Surgeon Simulator 2013 is a strange, almost morbid game that proves VG247's Dave Cook should never be trusted with a person's life under any circumstances. Get disturbed here.

When I started playing this game I thought I'd begin as a fresh-faced medical graduate with little money and a raging hard-on for saving lives. I'd be Zach Braff from Scrubs, clumsily working my way through easy procedures to begin with before tackling the life-threatening stuff, getting less funny as I went.

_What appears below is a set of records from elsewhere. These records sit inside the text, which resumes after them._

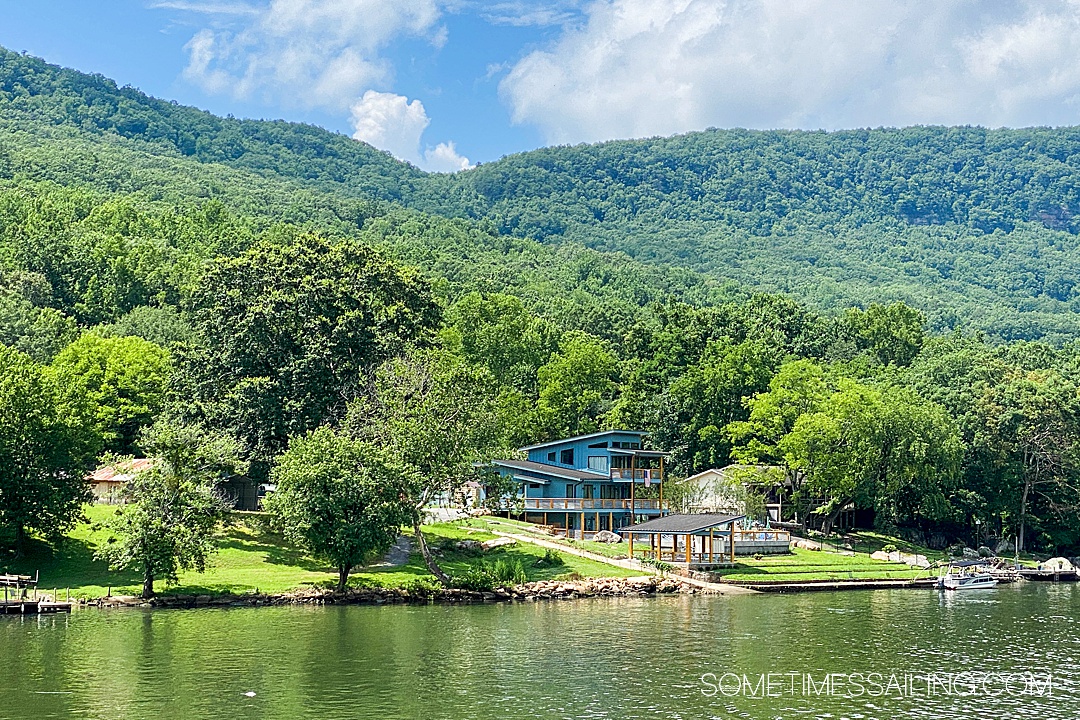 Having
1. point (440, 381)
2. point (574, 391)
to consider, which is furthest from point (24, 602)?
point (574, 391)

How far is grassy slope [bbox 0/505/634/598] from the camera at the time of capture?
58781 millimetres

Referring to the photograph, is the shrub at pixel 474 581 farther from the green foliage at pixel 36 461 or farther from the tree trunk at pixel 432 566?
the green foliage at pixel 36 461

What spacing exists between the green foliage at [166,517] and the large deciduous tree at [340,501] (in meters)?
3.88

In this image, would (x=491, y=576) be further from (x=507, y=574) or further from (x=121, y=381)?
(x=121, y=381)

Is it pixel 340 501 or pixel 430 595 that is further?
pixel 430 595

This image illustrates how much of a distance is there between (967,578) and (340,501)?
4197cm

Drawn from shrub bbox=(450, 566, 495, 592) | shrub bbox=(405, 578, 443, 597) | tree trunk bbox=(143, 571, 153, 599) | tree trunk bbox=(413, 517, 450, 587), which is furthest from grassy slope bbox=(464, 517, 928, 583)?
tree trunk bbox=(143, 571, 153, 599)

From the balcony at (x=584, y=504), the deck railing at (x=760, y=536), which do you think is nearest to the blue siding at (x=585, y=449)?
the balcony at (x=584, y=504)

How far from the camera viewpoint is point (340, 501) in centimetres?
5991

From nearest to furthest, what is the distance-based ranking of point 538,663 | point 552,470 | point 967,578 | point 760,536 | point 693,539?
point 538,663 < point 693,539 < point 967,578 < point 760,536 < point 552,470

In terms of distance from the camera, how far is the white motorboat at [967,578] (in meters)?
76.5

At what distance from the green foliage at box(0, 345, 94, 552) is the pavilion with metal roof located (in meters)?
32.7

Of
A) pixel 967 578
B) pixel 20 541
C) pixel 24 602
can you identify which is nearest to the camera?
pixel 24 602

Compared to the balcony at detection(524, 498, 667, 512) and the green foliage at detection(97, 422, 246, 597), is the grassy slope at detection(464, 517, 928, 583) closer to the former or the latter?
the balcony at detection(524, 498, 667, 512) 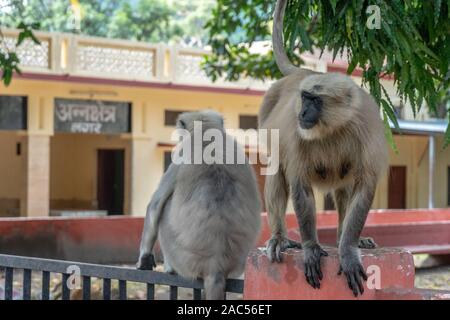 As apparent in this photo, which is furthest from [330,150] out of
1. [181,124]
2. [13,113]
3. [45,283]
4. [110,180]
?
A: [110,180]

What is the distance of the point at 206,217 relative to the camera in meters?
3.94

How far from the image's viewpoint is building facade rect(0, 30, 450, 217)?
13508 mm

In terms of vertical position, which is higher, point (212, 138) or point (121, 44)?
point (121, 44)

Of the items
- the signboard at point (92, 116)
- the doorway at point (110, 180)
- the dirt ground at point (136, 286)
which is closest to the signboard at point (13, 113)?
the signboard at point (92, 116)

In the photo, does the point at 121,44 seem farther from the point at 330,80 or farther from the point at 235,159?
the point at 330,80

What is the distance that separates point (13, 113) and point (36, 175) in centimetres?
120

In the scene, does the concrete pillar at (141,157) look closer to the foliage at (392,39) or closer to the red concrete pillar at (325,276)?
the foliage at (392,39)

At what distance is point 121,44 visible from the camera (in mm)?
13656

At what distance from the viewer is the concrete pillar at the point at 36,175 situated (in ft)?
45.6

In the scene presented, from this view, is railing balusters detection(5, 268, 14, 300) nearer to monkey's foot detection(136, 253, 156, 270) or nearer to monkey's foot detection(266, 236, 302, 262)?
monkey's foot detection(136, 253, 156, 270)

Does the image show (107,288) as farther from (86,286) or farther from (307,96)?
(307,96)

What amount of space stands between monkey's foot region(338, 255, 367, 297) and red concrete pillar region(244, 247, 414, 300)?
0.9 inches

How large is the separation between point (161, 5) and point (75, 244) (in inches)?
627

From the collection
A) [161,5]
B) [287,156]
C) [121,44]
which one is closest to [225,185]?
[287,156] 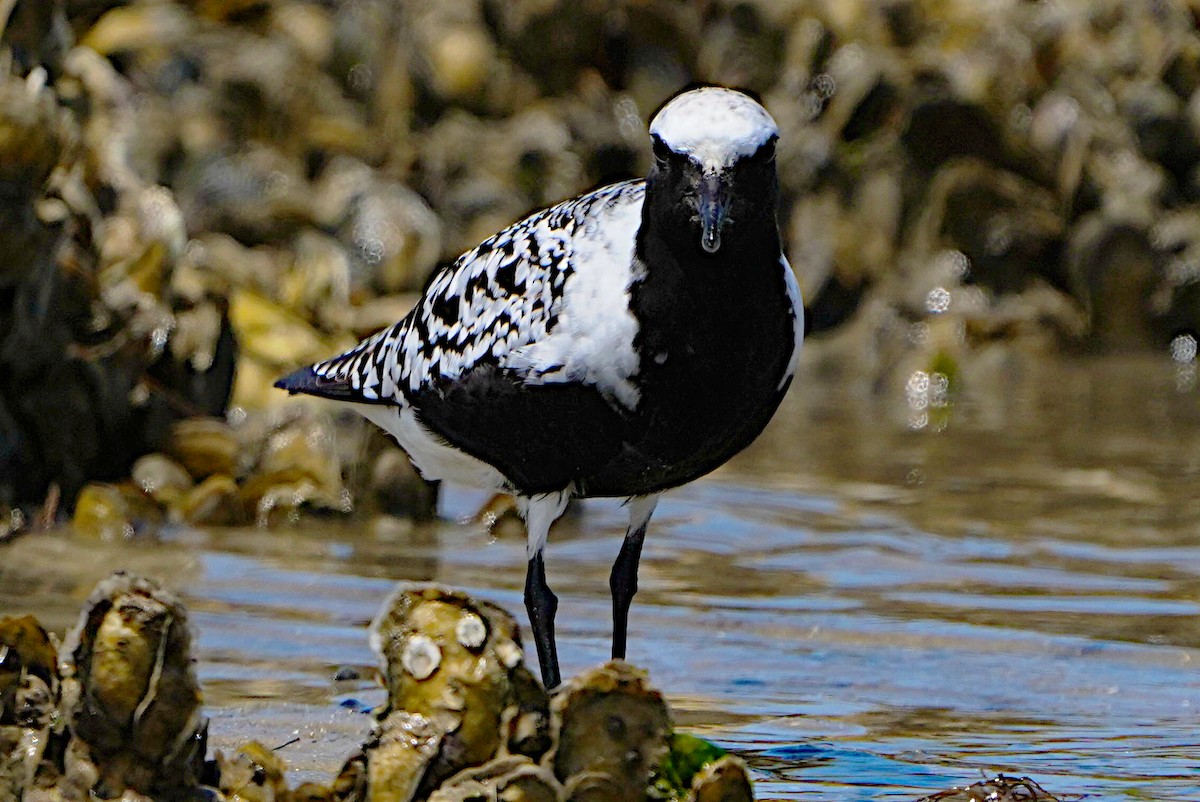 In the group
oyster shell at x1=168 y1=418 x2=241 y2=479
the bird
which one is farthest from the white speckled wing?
oyster shell at x1=168 y1=418 x2=241 y2=479

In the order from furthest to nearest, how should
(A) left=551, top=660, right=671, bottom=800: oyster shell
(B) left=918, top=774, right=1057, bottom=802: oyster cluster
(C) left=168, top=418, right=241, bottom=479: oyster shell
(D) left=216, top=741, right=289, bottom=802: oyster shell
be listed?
1. (C) left=168, top=418, right=241, bottom=479: oyster shell
2. (B) left=918, top=774, right=1057, bottom=802: oyster cluster
3. (D) left=216, top=741, right=289, bottom=802: oyster shell
4. (A) left=551, top=660, right=671, bottom=800: oyster shell

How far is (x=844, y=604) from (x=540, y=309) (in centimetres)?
311

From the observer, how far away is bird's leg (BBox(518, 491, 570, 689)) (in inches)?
257

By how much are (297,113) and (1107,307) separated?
26.4 ft

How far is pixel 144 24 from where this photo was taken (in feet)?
64.5

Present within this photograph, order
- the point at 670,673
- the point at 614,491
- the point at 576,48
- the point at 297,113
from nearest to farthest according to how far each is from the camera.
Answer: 1. the point at 614,491
2. the point at 670,673
3. the point at 297,113
4. the point at 576,48

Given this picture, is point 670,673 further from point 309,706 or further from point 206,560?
point 206,560

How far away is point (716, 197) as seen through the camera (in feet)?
17.9

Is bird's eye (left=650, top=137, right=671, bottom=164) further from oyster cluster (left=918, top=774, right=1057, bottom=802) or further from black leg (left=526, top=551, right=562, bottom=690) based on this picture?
oyster cluster (left=918, top=774, right=1057, bottom=802)

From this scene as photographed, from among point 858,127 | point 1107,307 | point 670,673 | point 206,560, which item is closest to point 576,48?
point 858,127

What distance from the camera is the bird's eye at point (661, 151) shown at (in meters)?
5.63

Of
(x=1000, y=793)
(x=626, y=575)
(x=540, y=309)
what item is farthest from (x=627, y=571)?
(x=1000, y=793)

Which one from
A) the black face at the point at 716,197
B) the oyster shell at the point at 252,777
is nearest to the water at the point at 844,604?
the oyster shell at the point at 252,777

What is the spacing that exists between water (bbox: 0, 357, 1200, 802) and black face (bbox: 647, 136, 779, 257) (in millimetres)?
1619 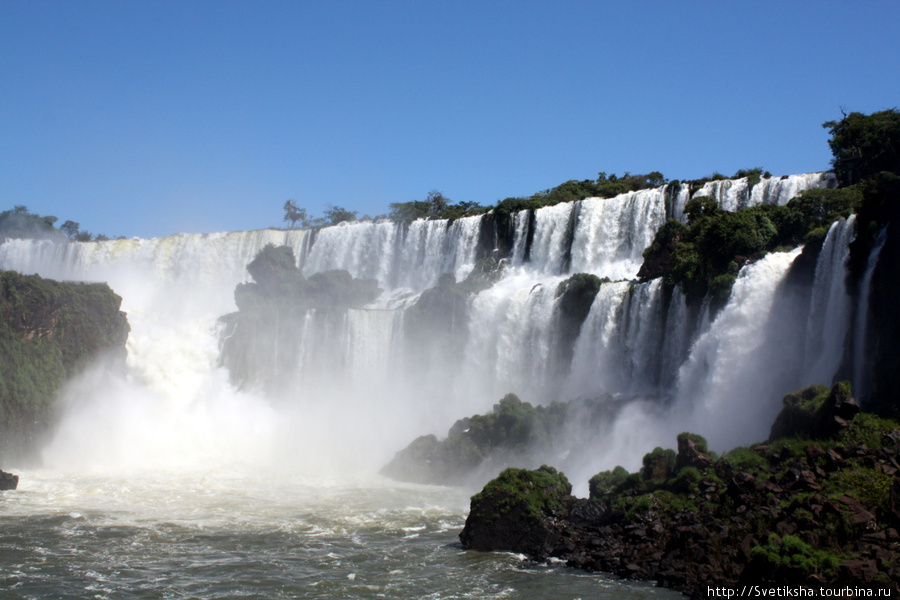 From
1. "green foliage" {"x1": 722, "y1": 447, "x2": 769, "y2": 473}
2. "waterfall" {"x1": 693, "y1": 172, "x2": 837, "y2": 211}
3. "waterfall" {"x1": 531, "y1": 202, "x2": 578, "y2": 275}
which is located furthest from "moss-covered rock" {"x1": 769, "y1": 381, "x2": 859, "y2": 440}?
"waterfall" {"x1": 531, "y1": 202, "x2": 578, "y2": 275}

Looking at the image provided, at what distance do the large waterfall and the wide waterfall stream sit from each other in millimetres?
88

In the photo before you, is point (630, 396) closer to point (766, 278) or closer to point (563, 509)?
point (766, 278)

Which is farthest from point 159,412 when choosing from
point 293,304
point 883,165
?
point 883,165

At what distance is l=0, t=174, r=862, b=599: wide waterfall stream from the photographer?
15867 mm

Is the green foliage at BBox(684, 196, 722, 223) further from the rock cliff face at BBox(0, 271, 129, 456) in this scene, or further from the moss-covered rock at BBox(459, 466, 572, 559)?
the rock cliff face at BBox(0, 271, 129, 456)

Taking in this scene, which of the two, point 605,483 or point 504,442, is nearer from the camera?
point 605,483

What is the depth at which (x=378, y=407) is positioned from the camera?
35.5 metres

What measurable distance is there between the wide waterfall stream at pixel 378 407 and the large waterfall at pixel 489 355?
0.09 meters

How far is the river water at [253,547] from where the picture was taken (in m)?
14.4

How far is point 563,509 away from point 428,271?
2802 centimetres

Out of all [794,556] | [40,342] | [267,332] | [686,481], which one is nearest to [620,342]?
[686,481]

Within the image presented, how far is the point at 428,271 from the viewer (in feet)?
146

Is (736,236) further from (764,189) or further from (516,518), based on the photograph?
(516,518)

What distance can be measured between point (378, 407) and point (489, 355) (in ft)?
17.6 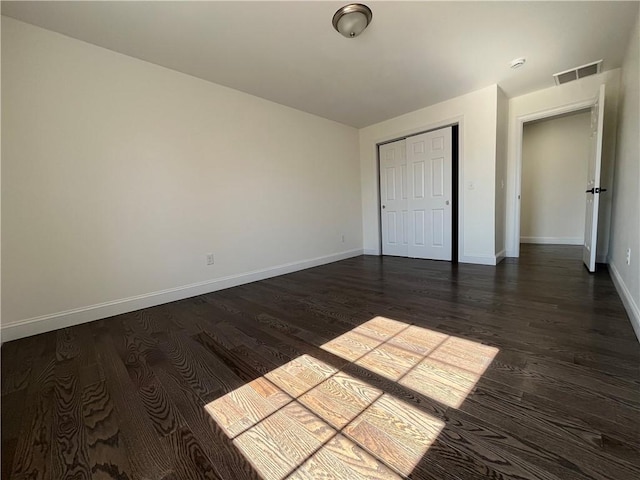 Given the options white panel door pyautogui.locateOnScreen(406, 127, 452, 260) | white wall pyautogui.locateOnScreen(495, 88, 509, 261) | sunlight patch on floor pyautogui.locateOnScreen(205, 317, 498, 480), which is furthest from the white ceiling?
sunlight patch on floor pyautogui.locateOnScreen(205, 317, 498, 480)

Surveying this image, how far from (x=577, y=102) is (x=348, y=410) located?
457 centimetres

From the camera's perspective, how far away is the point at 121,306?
2389 mm

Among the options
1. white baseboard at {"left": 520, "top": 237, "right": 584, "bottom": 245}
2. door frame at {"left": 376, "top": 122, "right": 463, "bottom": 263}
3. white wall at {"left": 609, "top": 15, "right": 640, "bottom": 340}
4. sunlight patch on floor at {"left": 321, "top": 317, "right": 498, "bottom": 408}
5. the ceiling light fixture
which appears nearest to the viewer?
sunlight patch on floor at {"left": 321, "top": 317, "right": 498, "bottom": 408}

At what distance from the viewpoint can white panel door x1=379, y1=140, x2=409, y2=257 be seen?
4411 mm

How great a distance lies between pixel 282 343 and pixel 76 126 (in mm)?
2423

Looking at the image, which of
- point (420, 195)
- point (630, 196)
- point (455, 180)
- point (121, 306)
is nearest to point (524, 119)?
point (455, 180)

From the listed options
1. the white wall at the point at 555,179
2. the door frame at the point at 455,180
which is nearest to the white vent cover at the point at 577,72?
the door frame at the point at 455,180

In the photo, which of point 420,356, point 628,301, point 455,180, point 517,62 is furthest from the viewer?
→ point 455,180

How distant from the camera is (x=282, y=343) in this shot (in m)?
1.73

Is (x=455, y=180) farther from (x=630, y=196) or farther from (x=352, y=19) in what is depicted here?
(x=352, y=19)

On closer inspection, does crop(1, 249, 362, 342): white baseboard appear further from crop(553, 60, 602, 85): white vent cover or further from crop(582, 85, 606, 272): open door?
crop(553, 60, 602, 85): white vent cover

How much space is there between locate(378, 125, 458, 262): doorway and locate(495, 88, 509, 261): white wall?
0.55 metres

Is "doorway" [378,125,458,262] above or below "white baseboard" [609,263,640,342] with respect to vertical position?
above

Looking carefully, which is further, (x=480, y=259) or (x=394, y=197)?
(x=394, y=197) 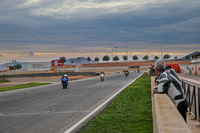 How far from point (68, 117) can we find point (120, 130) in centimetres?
338

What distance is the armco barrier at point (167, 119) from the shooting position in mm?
3820

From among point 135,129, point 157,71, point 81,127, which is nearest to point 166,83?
point 157,71

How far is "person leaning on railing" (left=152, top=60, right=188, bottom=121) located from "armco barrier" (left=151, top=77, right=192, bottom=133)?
0.17 metres

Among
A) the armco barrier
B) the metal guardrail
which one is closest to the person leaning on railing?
the armco barrier

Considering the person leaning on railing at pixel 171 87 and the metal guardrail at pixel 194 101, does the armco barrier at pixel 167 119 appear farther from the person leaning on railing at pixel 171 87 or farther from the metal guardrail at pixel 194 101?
the metal guardrail at pixel 194 101

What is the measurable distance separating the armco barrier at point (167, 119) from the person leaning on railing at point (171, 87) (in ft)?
0.56

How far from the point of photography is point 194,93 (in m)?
9.73

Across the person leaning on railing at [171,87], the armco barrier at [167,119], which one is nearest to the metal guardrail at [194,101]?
the armco barrier at [167,119]

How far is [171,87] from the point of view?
585 centimetres

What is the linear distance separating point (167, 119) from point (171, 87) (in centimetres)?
131

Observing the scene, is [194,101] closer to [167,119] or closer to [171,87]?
[171,87]

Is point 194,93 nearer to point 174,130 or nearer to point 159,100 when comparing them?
point 159,100

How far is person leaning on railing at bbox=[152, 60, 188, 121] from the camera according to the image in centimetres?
578

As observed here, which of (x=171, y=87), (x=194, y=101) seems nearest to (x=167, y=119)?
(x=171, y=87)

Then I discovered my first task was to perform a heart transplant. 'This can't be right', I thought, as I slowly steered the doctor's virtual hand around his office desk in search of a tutorial option, sending pills and floppy discs cascading everywhere.


And then, naturally, I flipped myself the bird.

The ensuing mess looked like my surgeon had just suffered a traumatic episode, as if the pressure had become too much for him to bear. There was no tutorial lesson in sight, just a constantly ringing phone that told me it was s**t or get off the pot time. So with nothing left to do, I decided to get on with it and meet my first patient.


OK Dave, be cool. You've got this...

Who was this man? Why was his life entrusted to an unqualified imposter who had clearly walked into the hospital off the street? I slid the surgeon's hand around trying to interact with his tools, but ended up trashing the joint again.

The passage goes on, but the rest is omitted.